University essay from Institutionen för kultur och kommunikation

Author: Kristin Kämpenberg; [2007]

Keywords: Kate Chopin;

Abstract: In The Awakening we meet Edna, a woman in search of her female identity. She is uncomfortable in her role as the “patriarchal woman” and has trouble becoming either a “modern woman” or an “emancipated woman” To fully understand Edna’s search one must understand the patriarchal society in Chopin’s works and what it means to internalize this system. Edna searches for a different female role than that of the “patriarchal woman” but she has problems internalizing any one of the roles due to her previous choices, current social position and lack of support in her quest. This essay explores what these previous choices are and why they have placed her in her current position. She has a lack of support, which is crucial if she is to break out of her current female position. Edna’s realization that she cannot obtain a full acceptance in either one of these three female roles finally led to her choosing suicide. This essay also explores why she chooses this final way to resolve her problem.

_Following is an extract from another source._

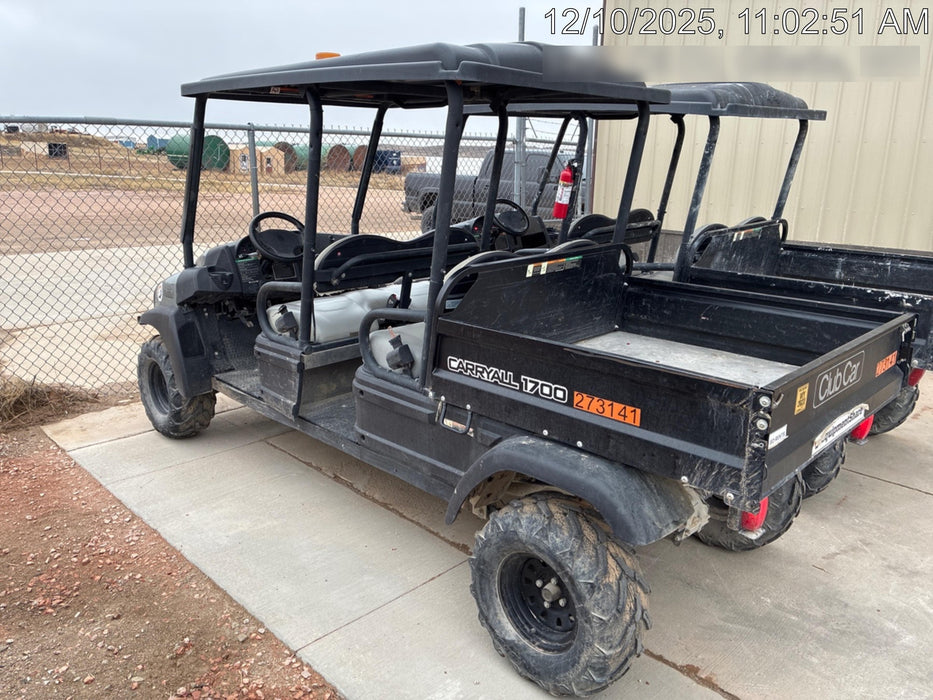 2023 Club Car CA1700D Canopy, Diesel, 4 Passenger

Critics have said that the suicide is not in tune with the rest of the novel, but I will in contrast show how the ending is indeed very much in tune with Chopin’s portrayal of Edna. The confusion that Chopin shows in Edna’s character throughout the novel explains why Edna in the end takes her own life. Our protagonist is a woman who searches for an identity that she cannot find due to choices she has already made and a society which she cannot change, and in that light suicide is a viable alternative.